Ve sorumluluğum gereği yapmam gereken soru geliyor aklıma. Bu sokağa çıkanları görevlilere şikayet etsem diyorum tıpkı Polonya’da olduğu gibi. Sonra ülke insanımızda var olan duygusallığımiz bizleri frenliyor.”İyi ama bunlar bizim komşularımız, iyi ama ben kötü insan olmayayım, iyi ama ya sonra bu insanlar benimle kavga etmeye gelirlerse…”

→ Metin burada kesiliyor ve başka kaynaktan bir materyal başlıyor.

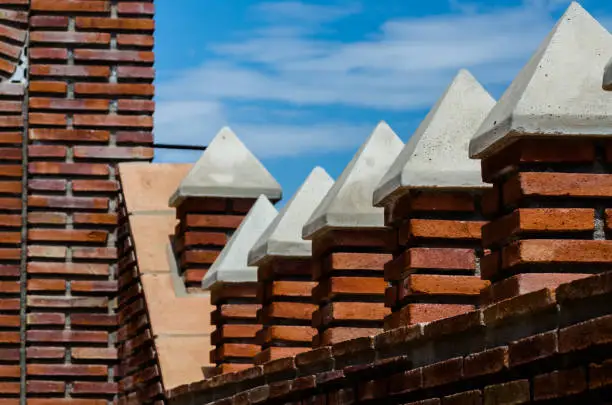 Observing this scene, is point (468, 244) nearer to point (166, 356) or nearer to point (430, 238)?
point (430, 238)

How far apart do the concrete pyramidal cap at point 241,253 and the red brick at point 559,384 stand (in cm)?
412

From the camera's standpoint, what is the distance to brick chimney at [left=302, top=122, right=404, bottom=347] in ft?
20.8

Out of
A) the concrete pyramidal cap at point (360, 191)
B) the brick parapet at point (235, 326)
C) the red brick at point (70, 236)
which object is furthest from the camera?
the red brick at point (70, 236)

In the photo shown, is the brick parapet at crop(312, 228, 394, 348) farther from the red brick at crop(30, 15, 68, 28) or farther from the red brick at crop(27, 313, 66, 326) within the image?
the red brick at crop(30, 15, 68, 28)

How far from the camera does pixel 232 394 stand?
7.20 m

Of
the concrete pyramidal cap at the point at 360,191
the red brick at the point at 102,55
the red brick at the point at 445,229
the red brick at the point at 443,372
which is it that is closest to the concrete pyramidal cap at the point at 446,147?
the red brick at the point at 445,229

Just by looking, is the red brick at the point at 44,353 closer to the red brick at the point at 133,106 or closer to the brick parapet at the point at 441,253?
the red brick at the point at 133,106

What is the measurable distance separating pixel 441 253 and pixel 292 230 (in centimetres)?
176

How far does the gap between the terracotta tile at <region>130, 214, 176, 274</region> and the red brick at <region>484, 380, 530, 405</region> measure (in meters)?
5.43

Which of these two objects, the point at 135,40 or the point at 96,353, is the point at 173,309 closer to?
the point at 96,353

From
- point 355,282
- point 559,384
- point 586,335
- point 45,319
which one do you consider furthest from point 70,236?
point 586,335

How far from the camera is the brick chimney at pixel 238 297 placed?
816 cm

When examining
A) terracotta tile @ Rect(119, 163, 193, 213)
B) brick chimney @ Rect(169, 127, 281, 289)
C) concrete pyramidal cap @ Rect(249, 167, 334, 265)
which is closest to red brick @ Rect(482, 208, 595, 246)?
concrete pyramidal cap @ Rect(249, 167, 334, 265)

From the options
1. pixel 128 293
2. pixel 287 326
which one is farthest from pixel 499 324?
pixel 128 293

Ne dersiniz şikayet etmeli miyim ?
Siz benim yerimde olsanız ne yapardınız?
Ne acı değil mi şikayet etmeli ve bir an önce hep beraber şu illetten kurtulmalıyız bizdede durum aynı bizimkilere bir de iftar yemeğine geliyolarlar ama hata nerde bilmiyorum şikayet edemiyoruz
Yapsan sanki polis ceza kesecek, diyelim ceza kesti af gelir ödenmez,
Keşke bu iki fikir arasında kalmasaydık. çünkü ihmal ihmali doğurur.
Bence ceza yazılsa af gelir, o cezaları kimse ödemez. Ama şikâyet etmekte fayda var
Birde ülkemizde şunu yaşıyoruz. Şikâyet etsen ne olacak. Sanki çok mu ilgilenecekler. Örneğin, kardeşim bir sınava girecekti. Gece 24 e kadar sokak düğünü yapılıp bangır bangır saz çalınıyordu. Kaç kere polisi aramama rağmen, kaçıncı aramamda bir saat sonra geldiler.